* **TASK TO CARRY OUT**: Set down, exactly as written, the lines from the top of the data to the line that holds "An investigation is", and omit the pictures.

-=-=-

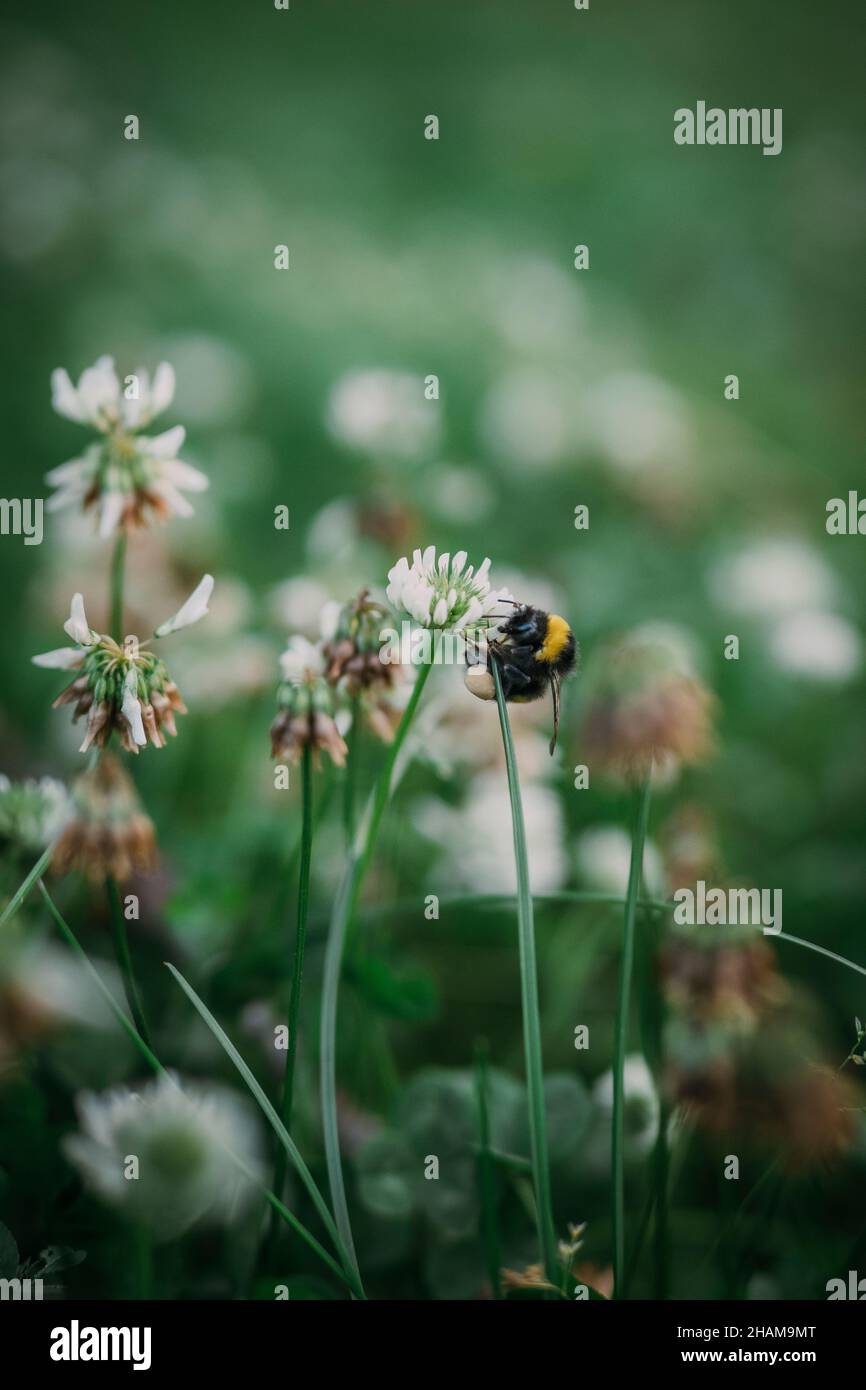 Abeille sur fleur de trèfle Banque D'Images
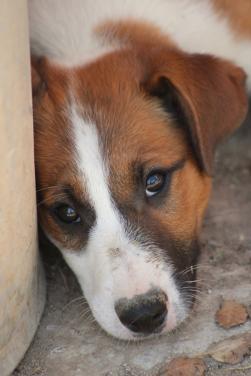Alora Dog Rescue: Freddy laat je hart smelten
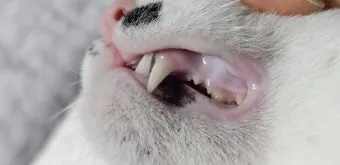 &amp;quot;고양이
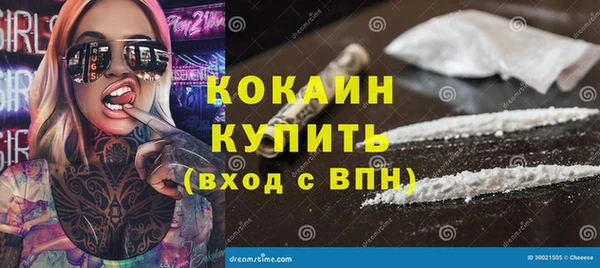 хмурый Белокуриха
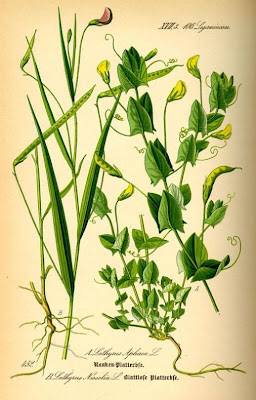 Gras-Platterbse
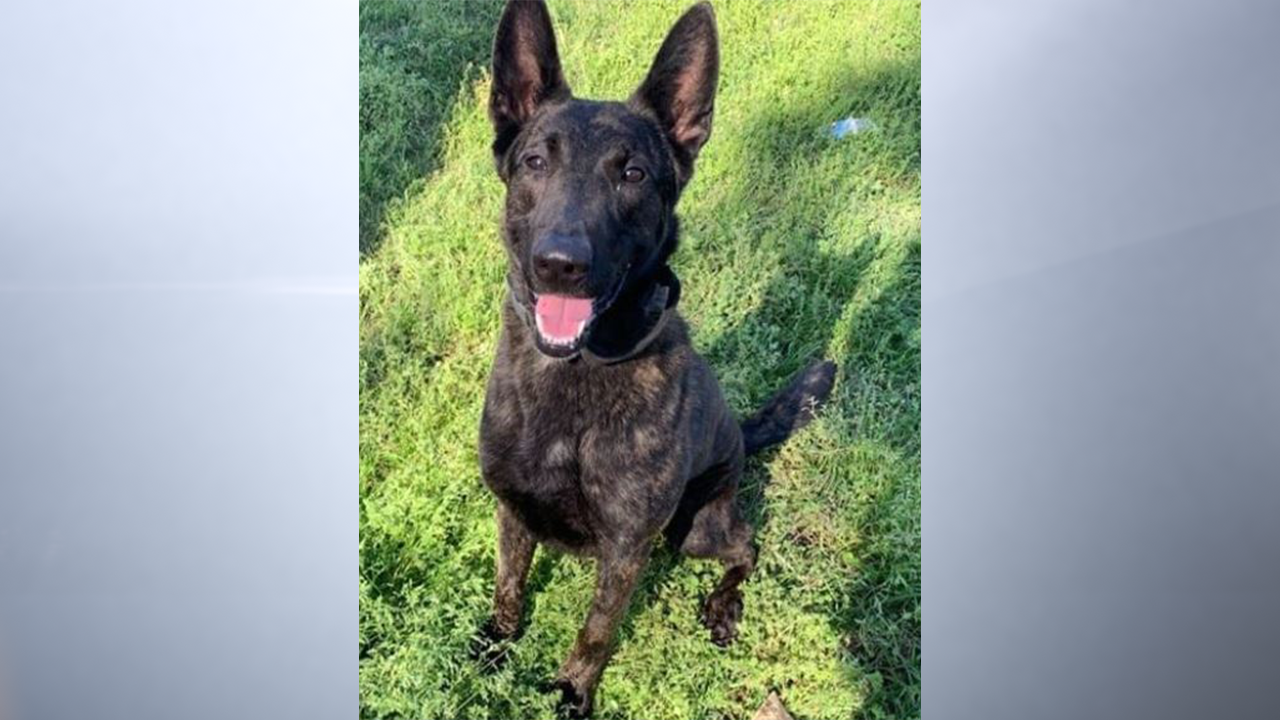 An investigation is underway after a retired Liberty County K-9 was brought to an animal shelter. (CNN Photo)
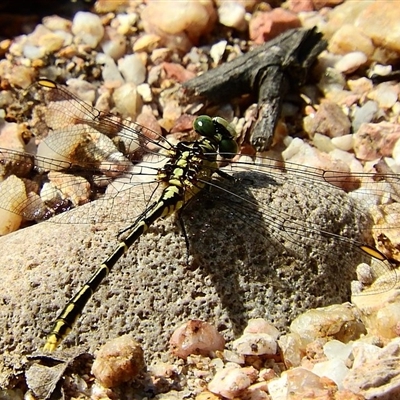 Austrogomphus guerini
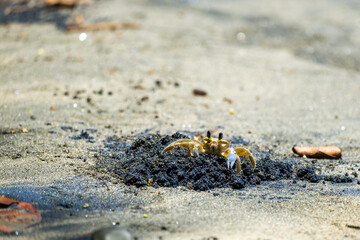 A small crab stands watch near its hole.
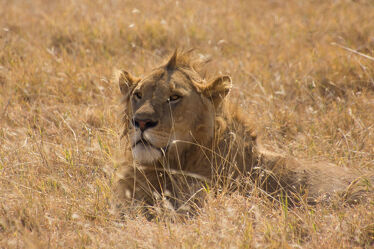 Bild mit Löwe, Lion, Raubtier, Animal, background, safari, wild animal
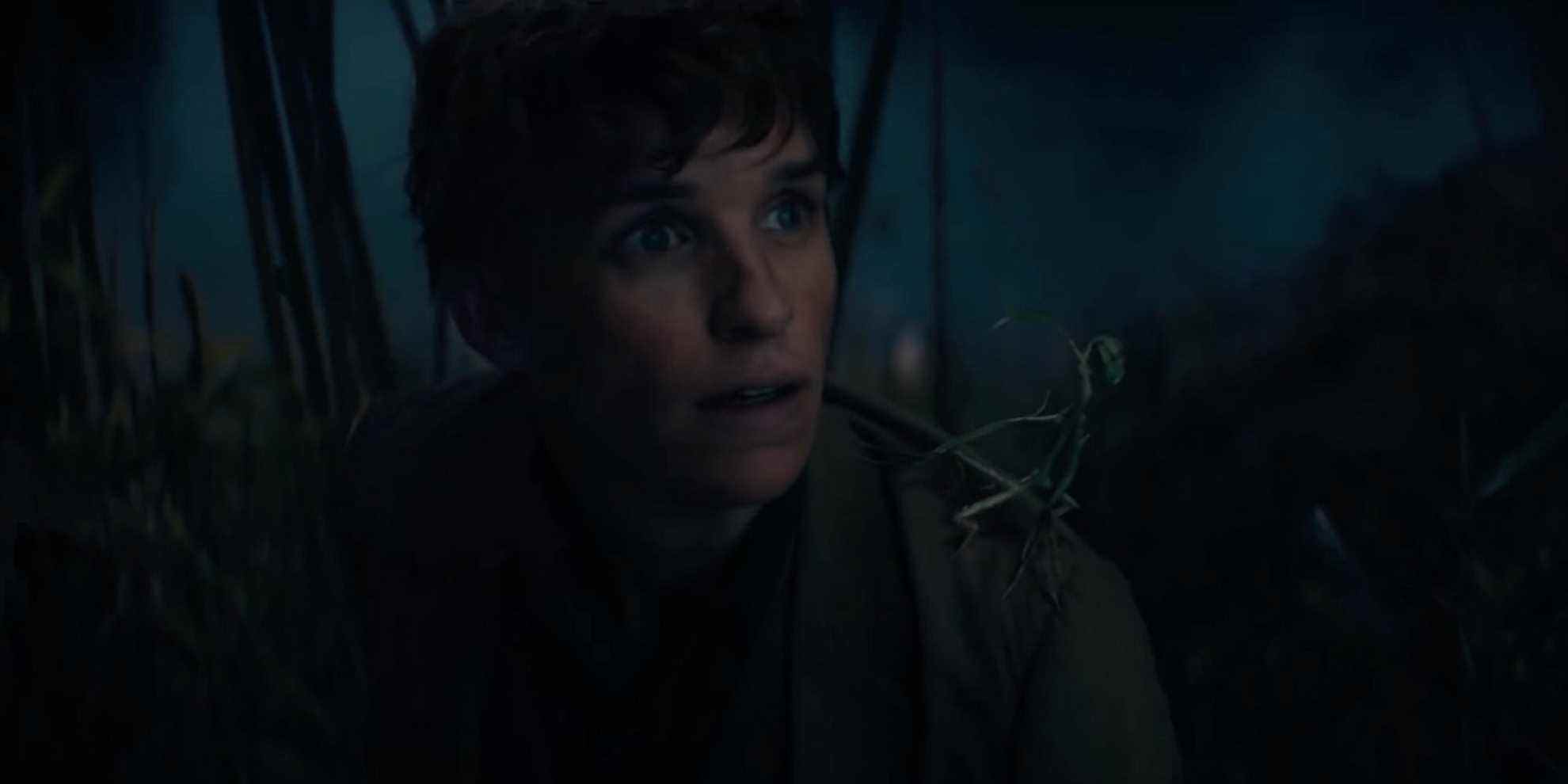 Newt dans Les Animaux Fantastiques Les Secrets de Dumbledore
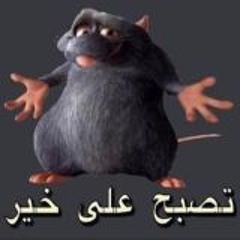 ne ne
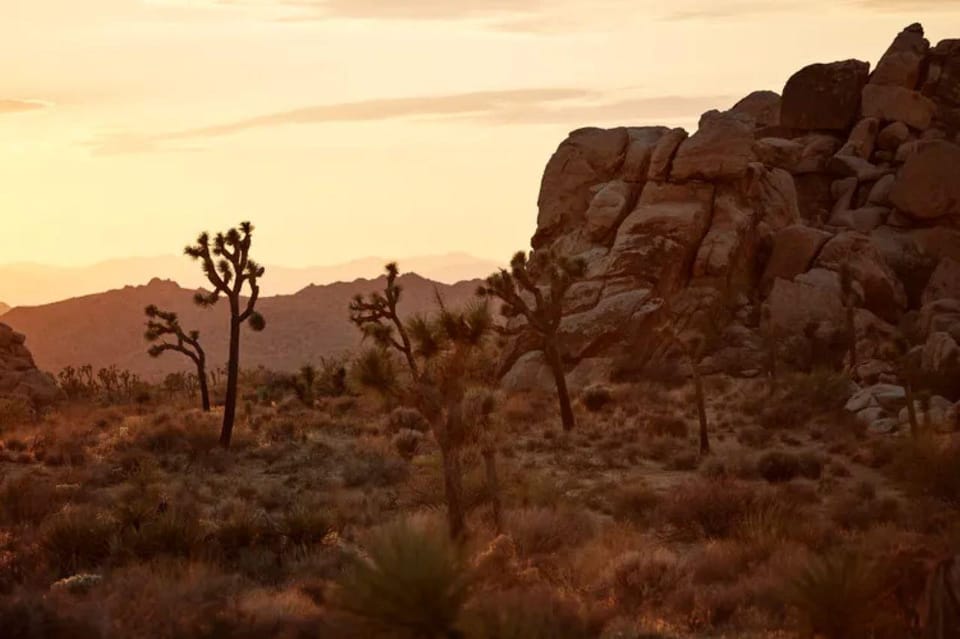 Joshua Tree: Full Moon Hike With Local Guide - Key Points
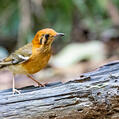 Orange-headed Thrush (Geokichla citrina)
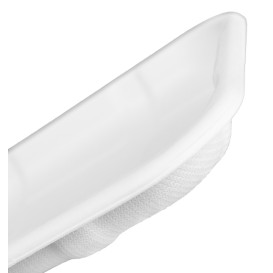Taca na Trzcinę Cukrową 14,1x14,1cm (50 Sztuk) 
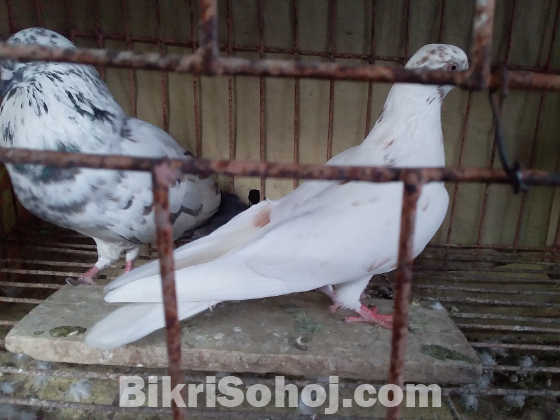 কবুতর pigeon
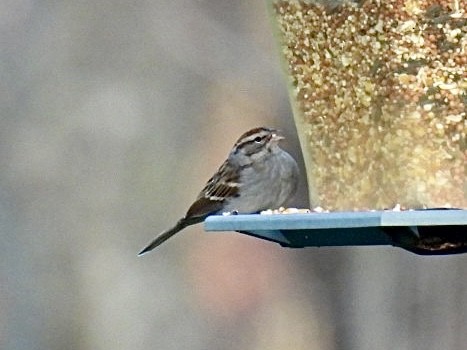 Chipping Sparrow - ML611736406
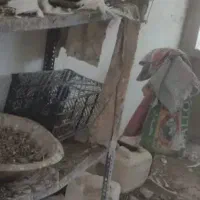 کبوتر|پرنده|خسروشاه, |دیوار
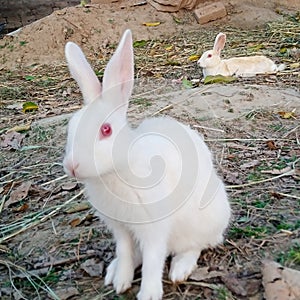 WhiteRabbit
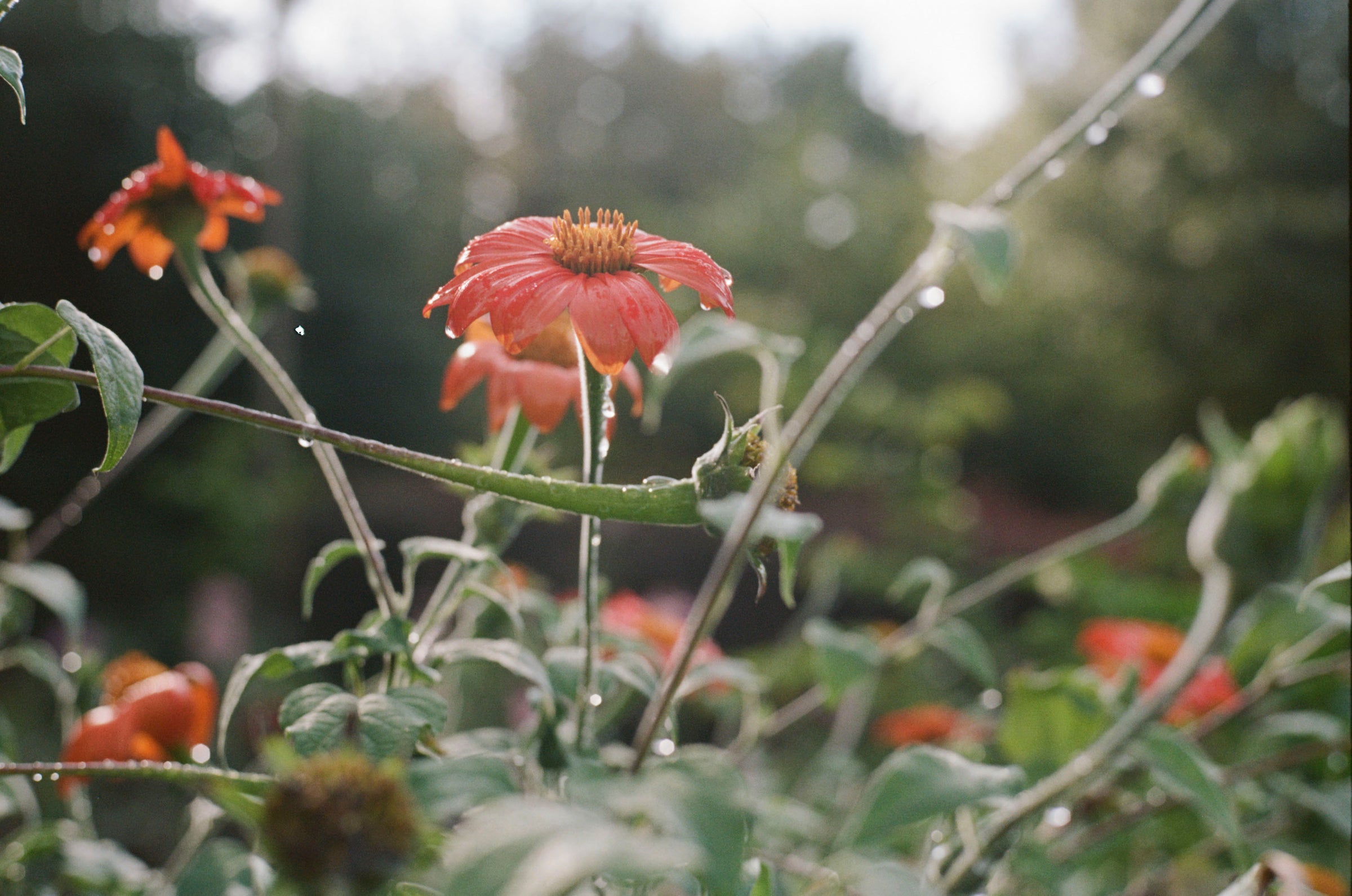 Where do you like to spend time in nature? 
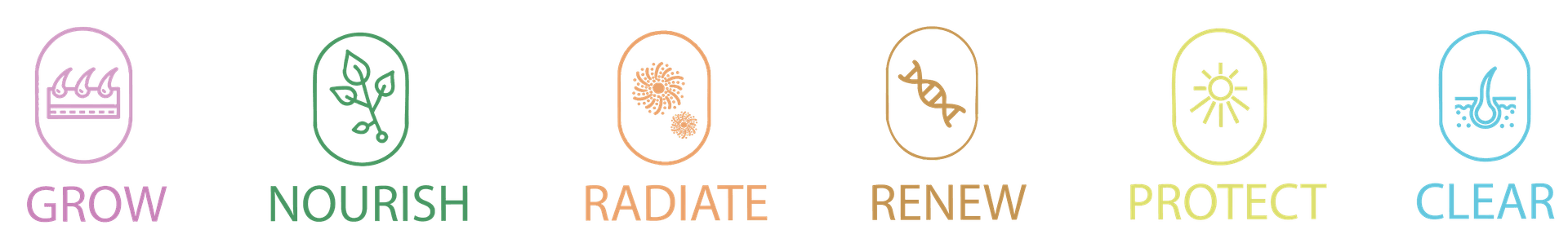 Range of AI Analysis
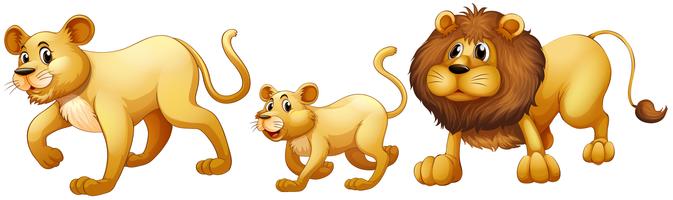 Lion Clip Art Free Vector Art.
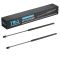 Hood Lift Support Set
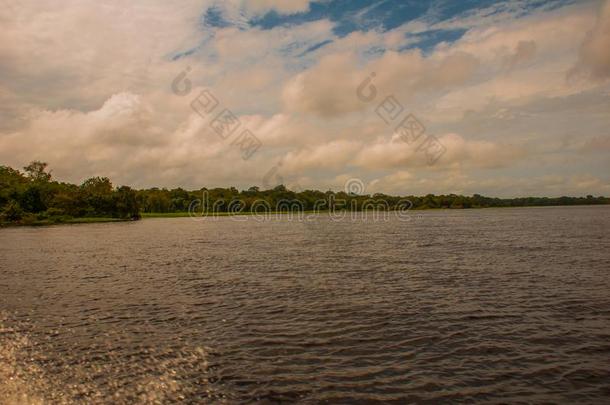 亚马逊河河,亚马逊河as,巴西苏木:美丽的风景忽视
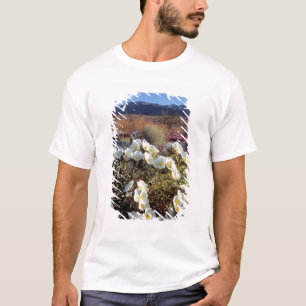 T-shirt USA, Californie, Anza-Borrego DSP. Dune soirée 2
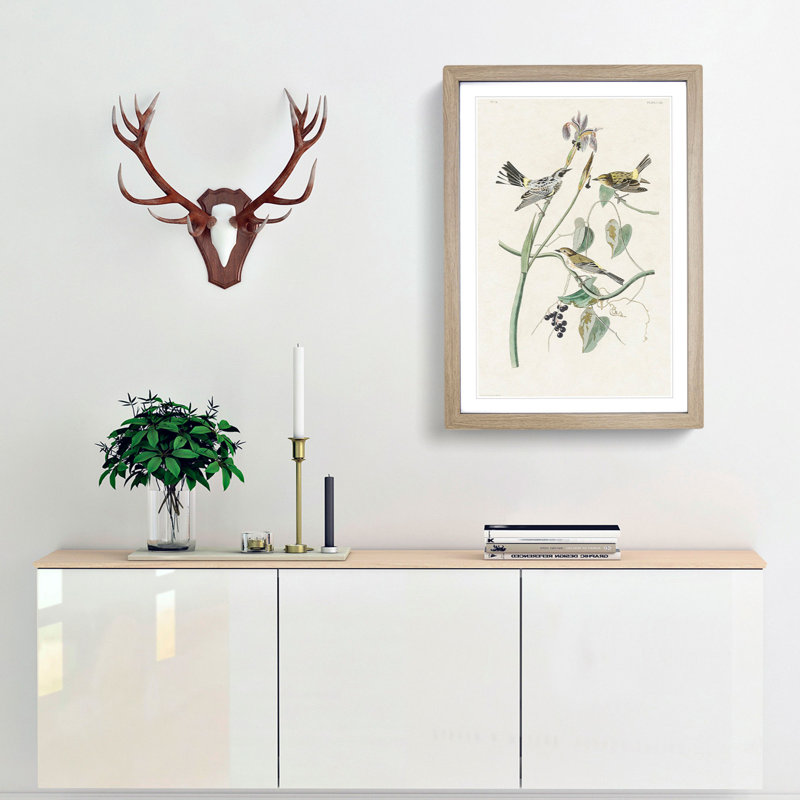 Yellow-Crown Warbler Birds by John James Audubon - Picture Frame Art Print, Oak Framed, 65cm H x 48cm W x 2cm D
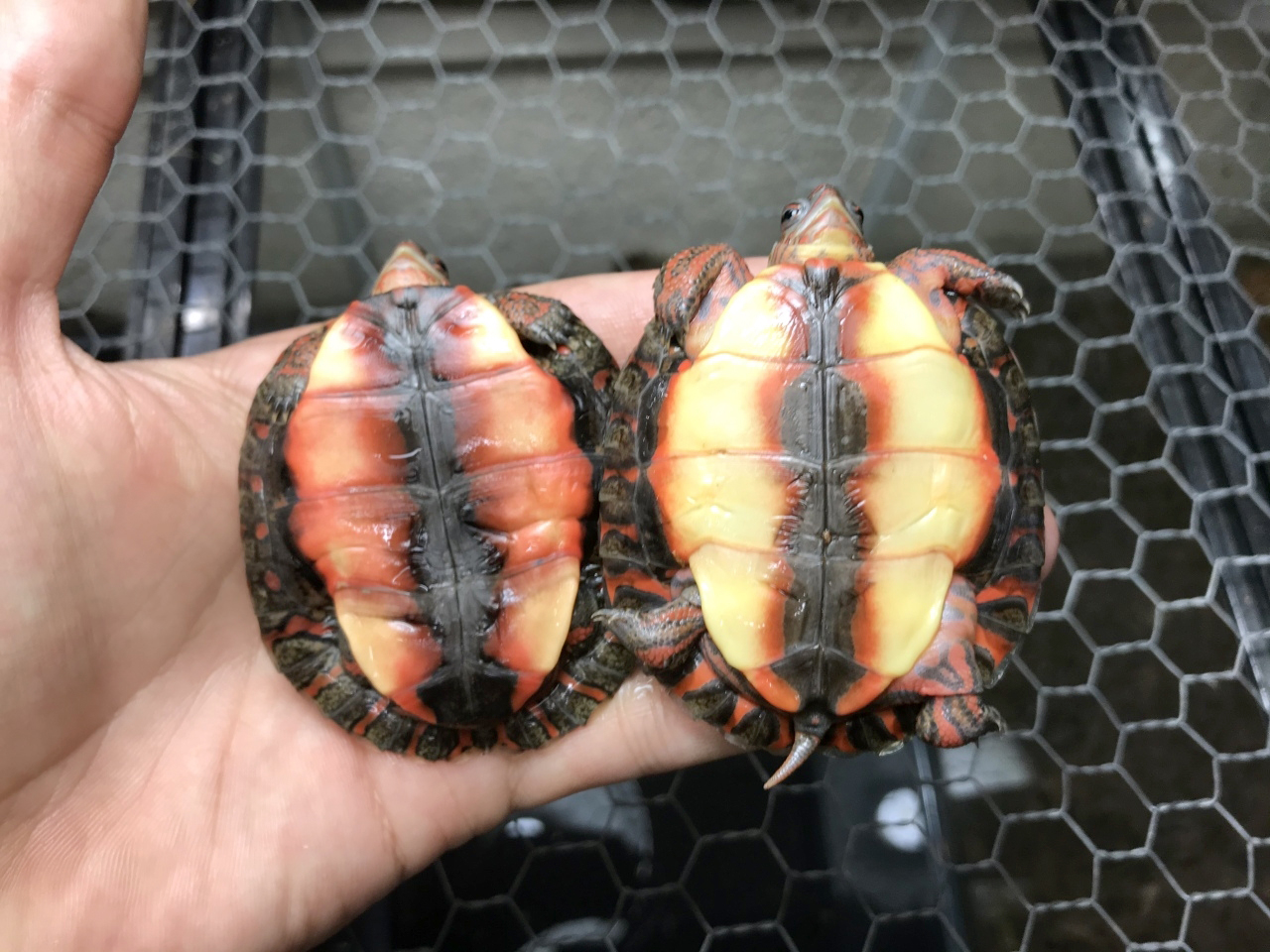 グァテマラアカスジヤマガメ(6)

-=-=-

* **ANSWER SPACE**:
 Abeille sur fleur de trèfle Banque D'Images
Alora Dog Rescue: Freddy laat je hart smelten
 &amp;quot;고양이
 хмурый Белокуриха
 Gras-Platterbse
 An investigation is underway after a retired Liberty County K-9 was brought to an animal shelter. (CNN Photo)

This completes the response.